PROBLEM DETAILS:
The exercise calls for every entry that follows to be repeated exactly.

RECORDED INFORMATION Block Start

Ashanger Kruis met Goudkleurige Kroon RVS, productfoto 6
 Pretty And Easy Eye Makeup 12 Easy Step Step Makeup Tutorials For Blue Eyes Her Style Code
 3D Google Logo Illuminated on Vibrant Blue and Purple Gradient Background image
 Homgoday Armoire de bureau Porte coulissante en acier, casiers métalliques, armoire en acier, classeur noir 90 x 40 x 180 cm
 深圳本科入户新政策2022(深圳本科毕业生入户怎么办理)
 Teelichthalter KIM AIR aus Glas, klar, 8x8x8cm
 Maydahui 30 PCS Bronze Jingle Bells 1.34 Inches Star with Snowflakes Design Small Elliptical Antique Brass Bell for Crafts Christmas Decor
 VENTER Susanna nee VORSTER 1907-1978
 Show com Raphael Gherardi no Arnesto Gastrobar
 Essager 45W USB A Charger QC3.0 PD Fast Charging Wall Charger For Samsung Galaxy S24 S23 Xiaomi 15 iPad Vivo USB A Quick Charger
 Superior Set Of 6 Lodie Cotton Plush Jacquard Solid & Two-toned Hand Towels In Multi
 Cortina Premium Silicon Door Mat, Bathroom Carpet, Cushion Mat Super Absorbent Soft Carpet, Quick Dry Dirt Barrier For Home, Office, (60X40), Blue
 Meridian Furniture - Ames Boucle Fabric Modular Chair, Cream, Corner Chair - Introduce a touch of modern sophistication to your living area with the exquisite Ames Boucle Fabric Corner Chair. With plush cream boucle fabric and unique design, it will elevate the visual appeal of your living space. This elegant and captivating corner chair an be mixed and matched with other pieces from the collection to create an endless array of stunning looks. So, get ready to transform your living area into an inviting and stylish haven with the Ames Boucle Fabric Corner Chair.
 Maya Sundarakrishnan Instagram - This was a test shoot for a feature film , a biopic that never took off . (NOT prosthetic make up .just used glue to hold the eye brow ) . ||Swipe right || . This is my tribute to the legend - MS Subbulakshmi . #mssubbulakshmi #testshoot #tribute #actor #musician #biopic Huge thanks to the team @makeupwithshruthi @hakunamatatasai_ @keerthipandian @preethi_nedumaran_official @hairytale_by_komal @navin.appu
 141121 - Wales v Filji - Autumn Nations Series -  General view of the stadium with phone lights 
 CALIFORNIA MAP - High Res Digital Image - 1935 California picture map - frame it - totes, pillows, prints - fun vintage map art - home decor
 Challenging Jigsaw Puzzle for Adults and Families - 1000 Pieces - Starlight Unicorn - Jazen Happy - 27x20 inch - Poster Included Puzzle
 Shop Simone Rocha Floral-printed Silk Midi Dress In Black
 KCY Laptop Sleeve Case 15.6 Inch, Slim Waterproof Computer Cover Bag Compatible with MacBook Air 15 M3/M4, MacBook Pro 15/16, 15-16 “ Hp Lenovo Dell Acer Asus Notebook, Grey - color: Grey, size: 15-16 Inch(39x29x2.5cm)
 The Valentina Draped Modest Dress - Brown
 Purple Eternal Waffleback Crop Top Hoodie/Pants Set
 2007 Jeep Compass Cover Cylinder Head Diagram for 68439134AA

RECORDED INFORMATION Block End

YOUR SOLUTION:
Ashanger Kruis met Goudkleurige Kroon RVS, productfoto 6
 Pretty And Easy Eye Makeup 12 Easy Step Step Makeup Tutorials For Blue Eyes Her Style Code
 3D Google Logo Illuminated on Vibrant Blue and Purple Gradient Background image
 Homgoday Armoire de bureau Porte coulissante en acier, casiers métalliques, armoire en acier, classeur noir 90 x 40 x 180 cm
 深圳本科入户新政策2022(深圳本科毕业生入户怎么办理)
 Teelichthalter KIM AIR aus Glas, klar, 8x8x8cm
 Maydahui 30 PCS Bronze Jingle Bells 1.34 Inches Star with Snowflakes Design Small Elliptical Antique Brass Bell for Crafts Christmas Decor
 VENTER Susanna nee VORSTER 1907-1978
 Show com Raphael Gherardi no Arnesto Gastrobar
 Essager 45W USB A Charger QC3.0 PD Fast Charging Wall Charger For Samsung Galaxy S24 S23 Xiaomi 15 iPad Vivo USB A Quick Charger
 Superior Set Of 6 Lodie Cotton Plush Jacquard Solid & Two-toned Hand Towels In Multi
 Cortina Premium Silicon Door Mat, Bathroom Carpet, Cushion Mat Super Absorbent Soft Carpet, Quick Dry Dirt Barrier For Home, Office, (60X40), Blue
 Meridian Furniture - Ames Boucle Fabric Modular Chair, Cream, Corner Chair - Introduce a touch of modern sophistication to your living area with the exquisite Ames Boucle Fabric Corner Chair. With plush cream boucle fabric and unique design, it will elevate the visual appeal of your living space. This elegant and captivating corner chair an be mixed and matched with other pieces from the collection to create an endless array of stunning looks. So, get ready to transform your living area into an inviting and stylish haven with the Ames Boucle Fabric Corner Chair.
 Maya Sundarakrishnan Instagram - This was a test shoot for a feature film , a biopic that never took off . (NOT prosthetic make up .just used glue to hold the eye brow ) . ||Swipe right || . This is my tribute to the legend - MS Subbulakshmi . #mssubbulakshmi #testshoot #tribute #actor #musician #biopic Huge thanks to the team @makeupwithshruthi @hakunamatatasai_ @keerthipandian @preethi_nedumaran_official @hairytale_by_komal @navin.appu
 141121 - Wales v Filji - Autumn Nations Series -  General view of the stadium with phone lights 
 CALIFORNIA MAP - High Res Digital Image - 1935 California picture map - frame it - totes, pillows, prints - fun vintage map art - home decor
 Challenging Jigsaw Puzzle for Adults and Families - 1000 Pieces - Starlight Unicorn - Jazen Happy - 27x20 inch - Poster Included Puzzle
 Shop Simone Rocha Floral-printed Silk Midi Dress In Black
 KCY Laptop Sleeve Case 15.6 Inch, Slim Waterproof Computer Cover Bag Compatible with MacBook Air 15 M3/M4, MacBook Pro 15/16, 15-16 “ Hp Lenovo Dell Acer Asus Notebook, Grey - color: Grey, size: 15-16 Inch(39x29x2.5cm)
 The Valentina Draped Modest Dress - Brown
 Purple Eternal Waffleback Crop Top Hoodie/Pants Set
 2007 Jeep Compass Cover Cylinder Head Diagram for 68439134AA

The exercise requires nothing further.